Je trouve ce texte formidable, chaque mot est un programme de vie, chaque mot nous dit quelque chose de la transformation que nous devons opérer en nous-mêmes. Et si vous venez aujourd’hui devant l’autel du Seigneur, c’est précisément pour transformer votre manière de voir le couple. Vous avez une manière de voir le couple qui n’est pas de la manière du monde.
La manière du monde, comme dit le Pape François, c’est la culture du jetable.
Ce qu’on applique aux choses, tôt ou tard on l’applique aux personnes : « tu ne me convient pas, tu es un empêchement pour mon accomplissement personnel qui lui est le top du top ».
Comme catholiques, nous ne voulons pas vivre selon cette manière du monde qui est parfois méprisante des personnes.
Je sais que dans votre cœur, cher Guillaume, chère Anne-Laure, vous avez un grand désir d’être attentif à la dignité de chacun, au respect de chacun.
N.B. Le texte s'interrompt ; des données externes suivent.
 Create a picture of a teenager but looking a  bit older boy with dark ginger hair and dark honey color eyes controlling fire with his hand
Ce n’est pas pour rien que vous êtes dans la carrière juridique, chacun selon votre branche, parce que derrière cela il y a singulièrement le respect du plus faible.
Le texte que vous avez choisi nous aide beaucoup à reprendre conscience de ce que nous portons et que l’Apôtre Saint-Paul exprime admirablement.
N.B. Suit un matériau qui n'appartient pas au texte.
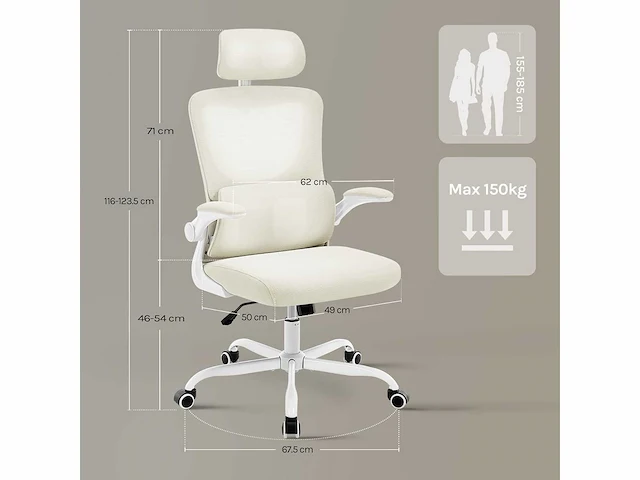 Ergonomische bureaustoel, mesh bureaustoel, beige - afbeelding 1 van  6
Que votre couple ne s’enferme pas en lui-même, mais qu’au contraire ce soit un couple ouvert aux autres, ouvert peut-être à ceux qui sont dans la peine, qui sont dans des difficultés. Je sais que vous voulez vivre cela. Et ces valeurs-là, les chrétiens n’en ont pas l’exclusivité, d’autres vivent ces valeurs-là d’accueil, du souci du plus pauvre, ils n’en n’ont pas l’exclusivité mais ils en ont la responsabilité. Les chrétiens ont la responsabilité, au nom de leur foi, de prôner les valeurs de l’Évangile.
Demandons au Seigneur cette grâce, laissons-nous interpeller, les uns et les autres.
Demandons au Seigneur qu’il nous soutienne aussi, chacun d’entre nous, vous qui avez peut-être reçu ce sacrement du mariage, ou qui vous êtes unis dans un mariage civil, ou qui vivez une vie de couple stable et durable, demandez au Seigneur de renouveler votre propos d’un vrai don de vous-même, parce que c’est cela l’amour, c’est rentrer dans une logique de don de soi-même. C’est tout au rebours du monde qui est au contraire dans l’accaparement.
Au contraire nous croyons que nous sommes à l’image d’un don, que Dieu lui-même s’est donné, en Jésus-Christ et que ce qui nous rend heureux, c’est de nous donner.
Vous, à travers le mariage, Guillaume et Anne-Laure, vous entrez dans une logique de don de vous-même, de votre personne. C’est cela qui va vous rendre heureux et rendre heureux ceux qui sont autour de vous. Puisse le Seigneur, par la prière de la Vierge Marie, vous soutenir et vous donner la force de vivre selon l’Évangile.
Amen !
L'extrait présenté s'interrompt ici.